Ladies and gentlemen, your attention please, we have geniuses in our midst.
No, this is not the usual announcement you hear in airports, seaports, hotels, restaurants and other places where real geniuses are exalted, held in high regard.
This should have been the introduction accorded the police officers who attended the Senate hearing last January 26 on the kidnap-slay of Korean business executive Jee Ick Joo. Mind you, they all deserve it, especially the cops who masterminded the kidnapping of the 53-year-old Korean on the pretext of a drug raid, now infamously called “Tokhang for ransom.”
They are no different from cops who stop you in the dead of the night, frisk you and plant drugs in your belongings, or “Tokhang for cash.” You have to cough up at least P20,000 before they let you go.
Or, for that matter, what Sen. Panfilo Lacson bared during the hearing – that of cops planting shabu on your premises before conducting a raid on your cash register.
Whew! We can go on and on.
The cops who abducted Jee last October 18 in his home in Angeles, Pampanga tried very hard to look like they were innocent in front of the senators and the cameras. But behind that seemingly innocent looks lurks a very disturbed and monstrous person, somebody very capable of strangling you to death in your own vehicle, then bringing you to a crematorium where your remains, bones and all, will be burned.
That innocent look hides a hideous person who will call your wife days after you’ve been killed, cremated and your ashes flushed down a toilet, and ask for ransom. And days later, asks for more cash. Here’s a Mafiosi just making sure that if there is no body, there is no crime.
Up to now, it’s still a wonder where the P5 million ransom went, how it was divided, who got the lion’s share. Was there a double-cross, even a double-double cross? Is that the reason why the other cops who participated in the dastardly act have come out in the open, aghast that they got a meager share of the loot? And now want to be admitted under the government’s witness protection program?
And we have in our midst a chief of police who, referred to as a clown by others, is now trying very hard to win back the confidence of the people he’s mandated to protect but miserably failing at it!
The question begging for an answer is this: Did the cops behind this dastardly act get emboldened by President Duterte’s pronouncements that he will be behind them, no matter what? That all they will get is a sloppy tap on the hand and a transfer to Mindanao? Immunity?
That, of course, had raised concerns among local authorities, with one of them saying: “We need the best of our country’s police on our side – not the worst. Erring law enforcers must be held accountable.
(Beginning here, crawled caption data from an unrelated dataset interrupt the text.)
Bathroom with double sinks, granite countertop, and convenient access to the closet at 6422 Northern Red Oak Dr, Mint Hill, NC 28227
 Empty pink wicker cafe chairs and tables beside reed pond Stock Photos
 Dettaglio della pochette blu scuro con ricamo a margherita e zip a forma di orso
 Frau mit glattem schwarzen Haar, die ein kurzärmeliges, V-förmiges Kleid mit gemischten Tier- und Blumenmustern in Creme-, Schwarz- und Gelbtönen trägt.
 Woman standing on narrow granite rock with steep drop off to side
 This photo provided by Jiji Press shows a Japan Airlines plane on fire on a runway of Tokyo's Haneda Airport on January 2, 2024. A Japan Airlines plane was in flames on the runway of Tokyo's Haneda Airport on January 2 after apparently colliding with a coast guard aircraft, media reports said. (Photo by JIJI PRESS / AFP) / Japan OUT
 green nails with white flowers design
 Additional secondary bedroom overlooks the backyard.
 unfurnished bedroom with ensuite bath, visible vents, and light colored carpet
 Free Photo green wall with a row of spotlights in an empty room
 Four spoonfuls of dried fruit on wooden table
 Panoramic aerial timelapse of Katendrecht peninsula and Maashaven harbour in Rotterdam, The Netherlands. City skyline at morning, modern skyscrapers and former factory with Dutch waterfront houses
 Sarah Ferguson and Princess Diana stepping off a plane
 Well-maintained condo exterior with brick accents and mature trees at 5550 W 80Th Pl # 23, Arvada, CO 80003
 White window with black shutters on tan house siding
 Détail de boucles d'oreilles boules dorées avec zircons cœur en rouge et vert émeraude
Sending them to the (region) is not a disciplinary action; rather it is a move that portrays our region as undeserving of dignified and dedicated public service.”
It’s very clear that corrupt officers had used the anti-illegal drugs campaign, which had been temporarily halted to effect a cleansing within the ranks, as cover for their own rackets, which only reinforces the notion that the country’s police force is one of the most corrupt institutions in the Philippines.
Ladies and gentlemen, your attention again, please. We have in our midst geniuses, for all the wrong reasons.